Is there a way to force fmin or any other minimizing function from scipy to take larger steps? Or is there any method better suited for my need?
EDIT:
I found a temporary solution.
First, as recommended, I used xtol=0.5 and higher as an argument to fmin.
Even then, I still had some problems, and a few times fmin would return init_guess.
I then created a simple loop so that if fmin == init_guess, I would generate another, random init_guess and try it again.
It's pretty slow, of course, but now I got it to run. It will take 20h or so to run it for all my data, but I won't need to do it again.
Anyway, to better explain the problem for those still interested in finding a better solution:
I have 2 images, A and B, containing some scientific data.
A looks like a few dots with variable value (it's a matrix of in which each valued point represents where a event occurred and it's intensity)
B looks like a smoothed heatmap (it is the observed density of occurrences)
B looks just like if you applied a gaussian filter to A with a bit of semi-random noise.
We are approximating B by applying a gaussian filter with constant sigma to A. This sigma was chosen visually, but only works for a certain class of images.
I'm trying to obtain an optimal sigma for each image, so later I could find some relations of sigma and the class of event showed in each image.
Anyway, thanks for the help!
Quick check: you probably really meant fmin(compare_images, init_guess, (a,b))?
If gaussian_filter behaves as you say, your function is piecewise constant, meaning that optimizers relying on derivatives (i.e. most of them) are out. You can try a global optimizer like anneal, or brute-force search over a sensible range of k's.
However, as you described the problem, in general there will only be a clear, global minimum of compare_images if b is a smoothed version of a. Your approach makes sense if you want to determine the amount of smoothing of a that makes both images most similar.
If the question is "how similar are the images", then I think pixelwise comparison (maybe with a bit of smoothing) is the way to go.
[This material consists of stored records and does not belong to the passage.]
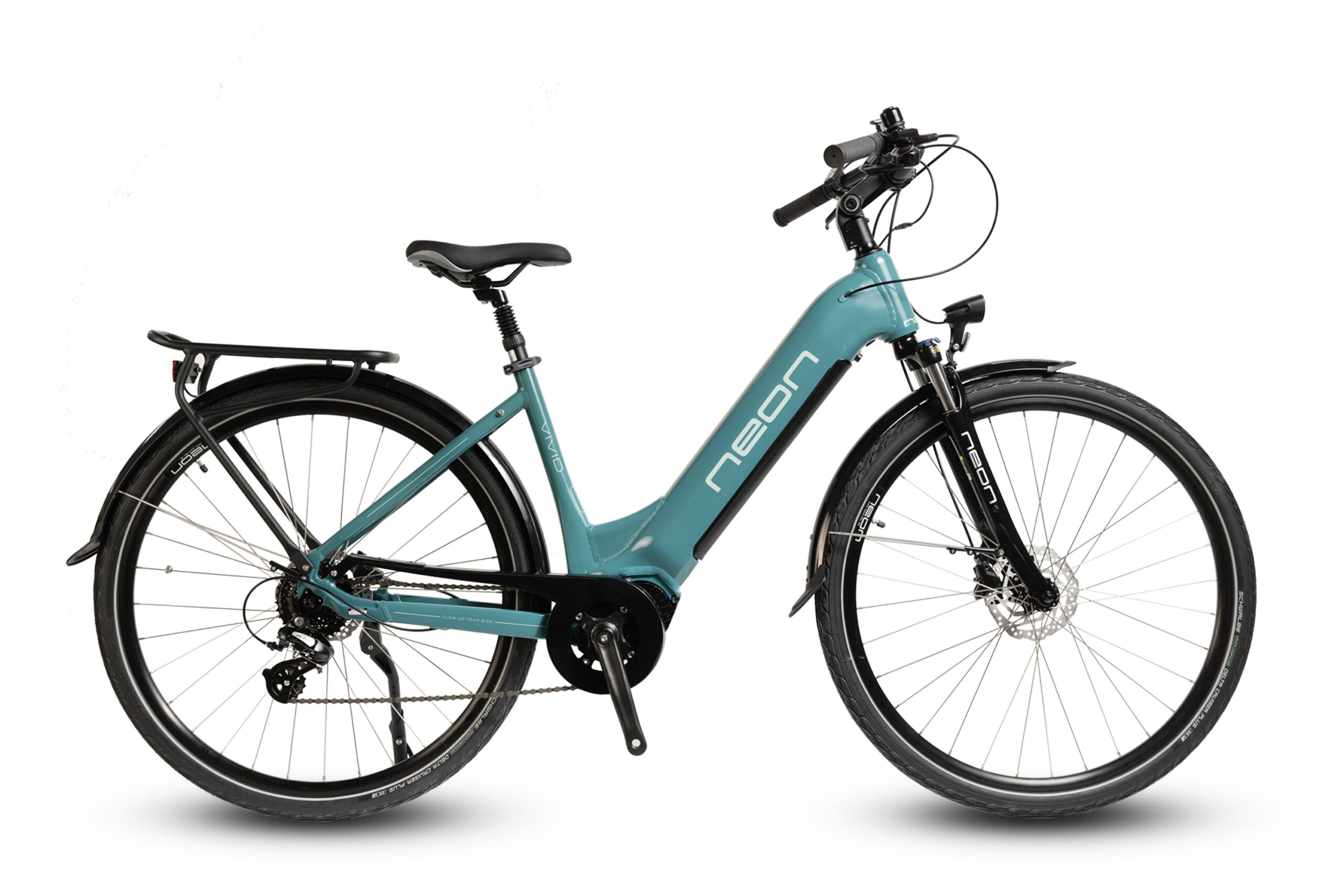 VIVID TEAL 1.0 24 (1) ROWER ELEKTRYCZNY NEON VIVID 1.0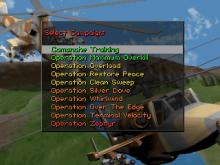 Comanche CD screenshot #3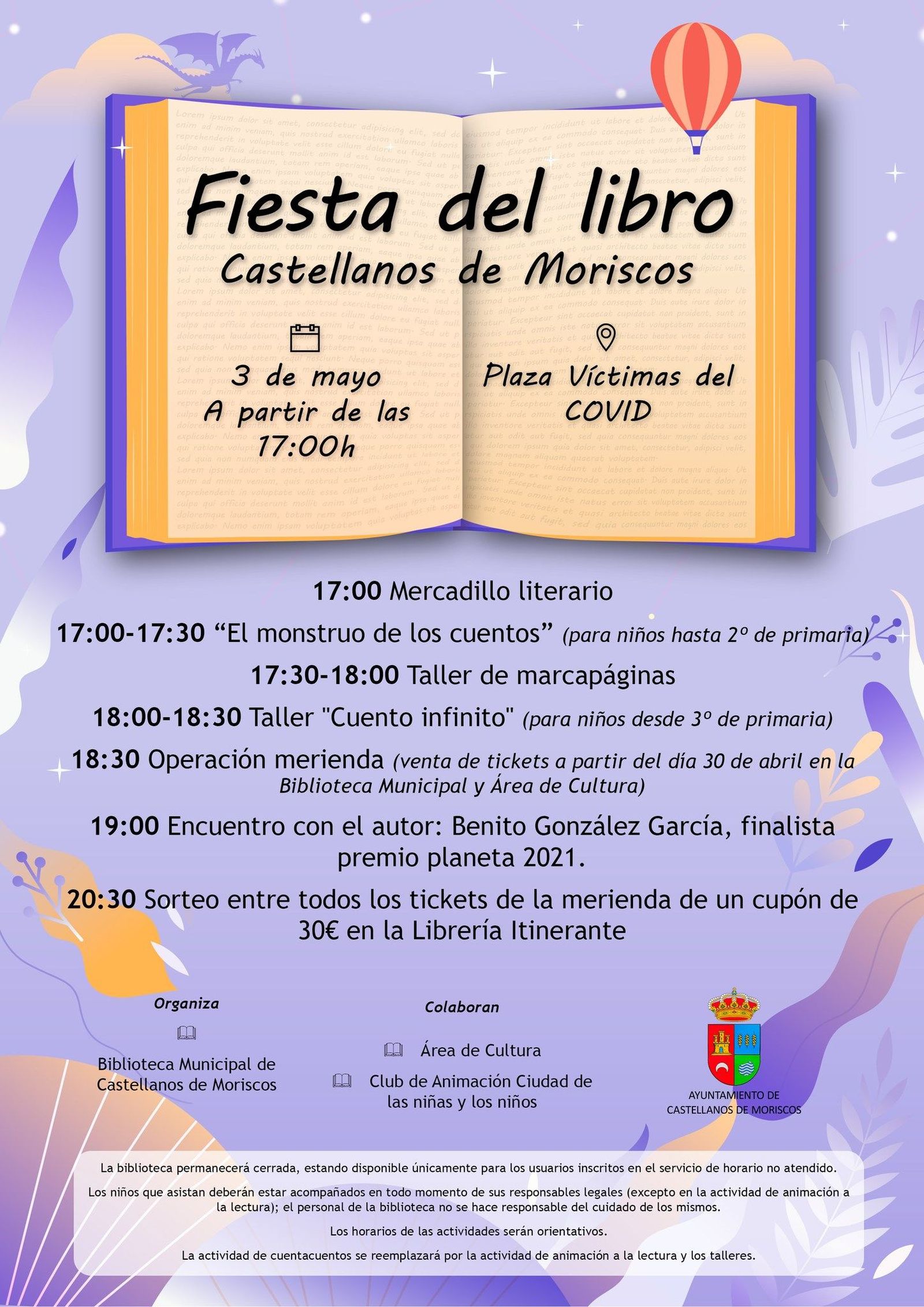 Fiesta del Libro, Castellanos de Moriscos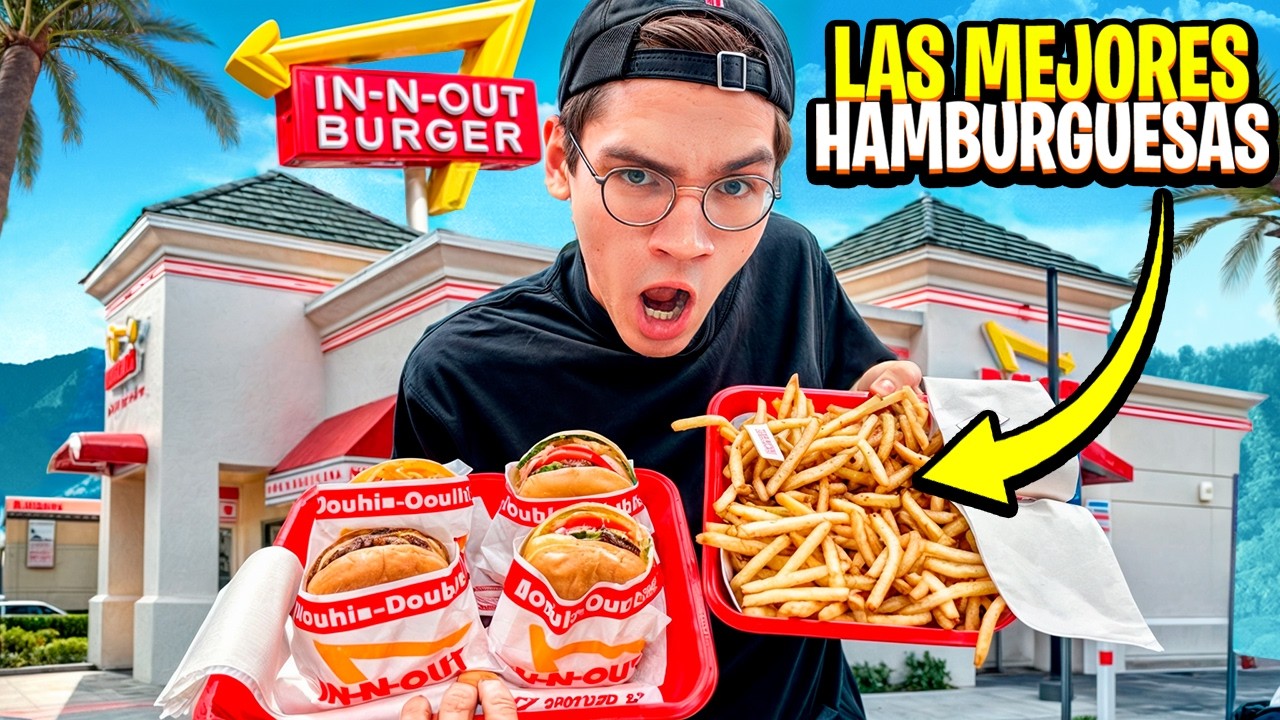In-N-Out Burger Review: Honest Taste Test & Menu Comparison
Depending on what images we are talking about, it might be necessary to align the images first (e.g. for comparing photographs). Please clarify :-)
edit: Another idea that might help: rewrite compare_images so that it calculates two versions of smoothed-a -- one with sigma=floor(k) and one with ceil(k) (i.e. round k to the next-lower/higher int). Then calculate a_smooth = a_floor*(1-kfrac)+a_ceil*kfrac, with kfrac being the fractional part of k. This way the compare function becomes continuous w.r.t k.
Good Luck!
Basin hopping may do a bit better, as it has a high chance of continuing anyway when it gets stuck at the plateau's.
I found on this example function that it does reasonably well with a low temperature:
>>> opt.basinhopping(lambda (x,y): int(0.1*x**2 + 0.1*y**2), (5,-5), T=.1)
nfev: 409
fun: 0
x: array([ 1.73267813, -2.54527514])
message: ['requested number of basinhopping iterations completed successfully']
njev: 102
nit: 100
I realize this is an old question but I haven't been able to find many discussion of similar topics. I am facing a similar issue with scipy.optimize.least_squares. I found that xtol did not do me much good. It did not seem to change the step size at all. What made a big difference was diff_step. This sets the step size taken when numerically estimating the Jacobian according to the formula step_size = x_i*diff_step, where x_i is each independent variable. You are using fmin so you aren't calculating Jacobians, but if you used another scipy function like minimize for the same problem, this might help you.
I had the same problem and got it to work with the 'TNC' method.
res = minimize(f, [1] * 2, method = 'TNC', bounds=[(0,15)] * 2, jac = '2-point', options={'disp': True, 'finite_diff_rel_step': 0.1, 'xtol': 0.1, 'accuracy': 0.1, 'eps': 0.1})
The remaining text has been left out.